Ground troops could go to Libya - Foreign Secretary
British ground combat troops could go to Libya in the future, the Foreign Secretary has said.
Philip Hammond told The Sunday Telegraph he cannot "rule anything out" as he does not know how the situation in the north African country will evolve.
But he insisted that the question of British ground, sea or air power taking action in Libya would be put to MPs.
Mr Hammond said the southern Mediterranean was an important security interest as terrorists established there would be a threat to all of Europe, including the UK.
"It wouldn't make sense to rule anything out," he said, discussing the possibility of ground combat troops going to the country.
"But if there were ever any question of a British combat role in any form - ground, sea or air - that would go to the House of Commons."
He also highlighted the closeness of Libya to the outer borders of Europe - he said it was 100 miles from Libya to the Italian island of Lampedusa which is the first stop for many migrants when they arrive to the continent.

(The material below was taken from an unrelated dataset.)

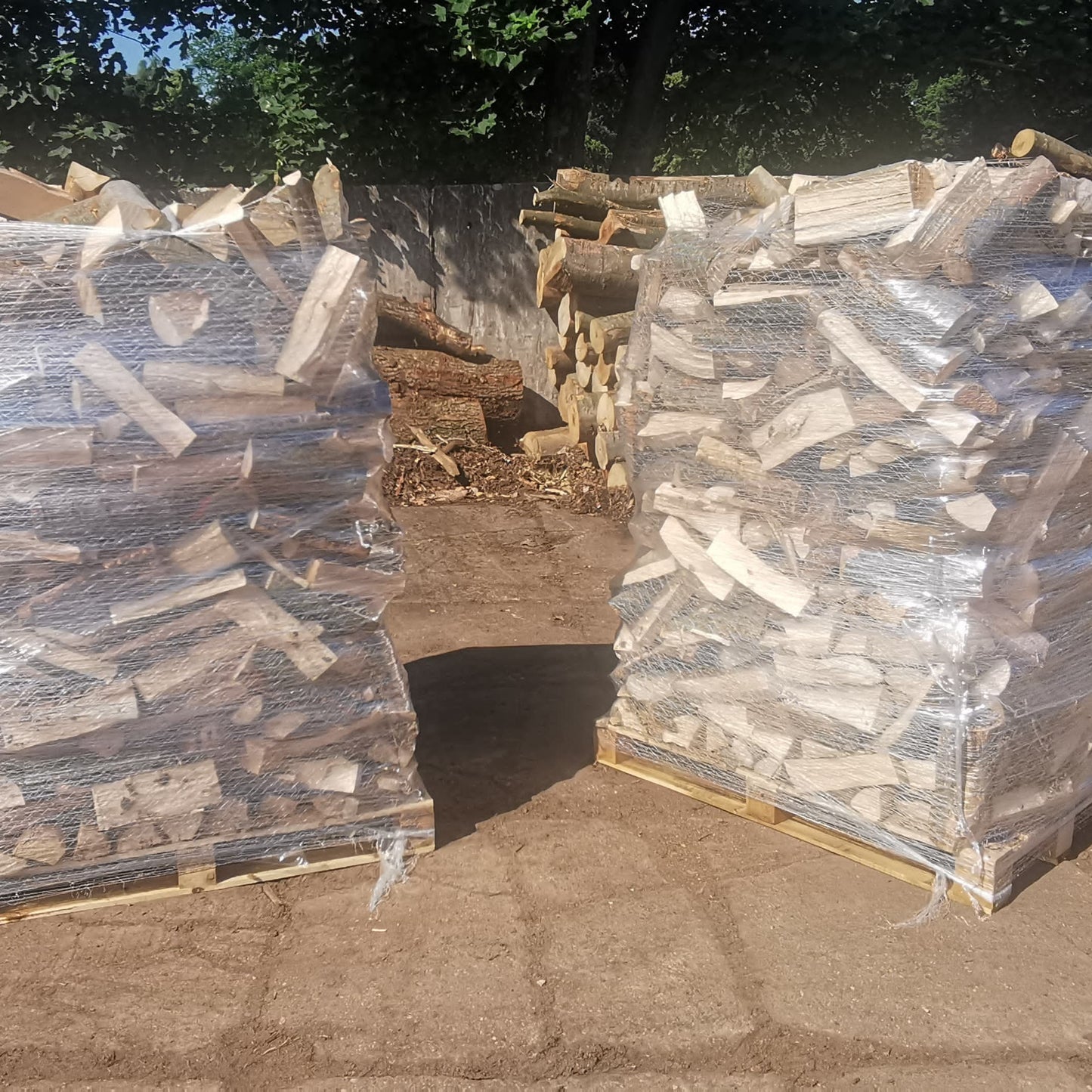 ANGEBOT Kaminholz Brennholz trocken, Schüttraummeter auf Palette inkl. 1 Sack Anzündhölzer ca.10 KG Zur sofortigen Verbrennung geeignet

"If Daesh (another name for Islamic State) became established in Libya and sought to use that established base to infiltrate terrorists into Europe, that would be a threat to all of us," he said.
He said he knew that the new Libyan government would be cautious about requesting Western military support but if it did, the Government would consider it.

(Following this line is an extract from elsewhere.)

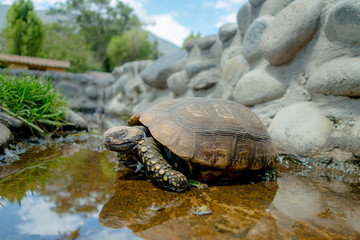 Fototapeta premium cute green turtle walking on a pond in farm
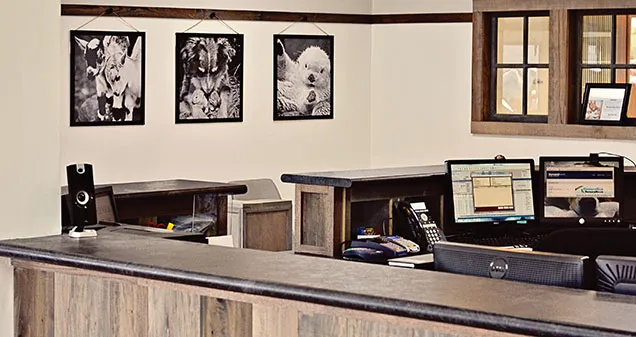 Devonshire Veterinary Clinic Picture 4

Tory chairman of the Foreign Affairs Committee Crispin Blunt warned that transparency about British deployments should be more important than the Government's "curious" conditions for needing a parliamentary approval.
He said: "The British Government needs to take Parliament with it.
"I think Parliament will be quite sympathetic to the challenges the Government faces but if we're not told anything and we're given a concept of operations which looks pretty dangerous, and just around the ground element, then I think the Government could find itself getting into unnecessary trouble."
He added: "I think the more transparent the Government can be about the challenge it faces in trying to take Parliament and the public with it in getting a sensible strategy here, acknowledging that they've got to work with the international community, I think that would be better rather than these rather curious and difficult nostrums about when and when not parliamentary authority is required."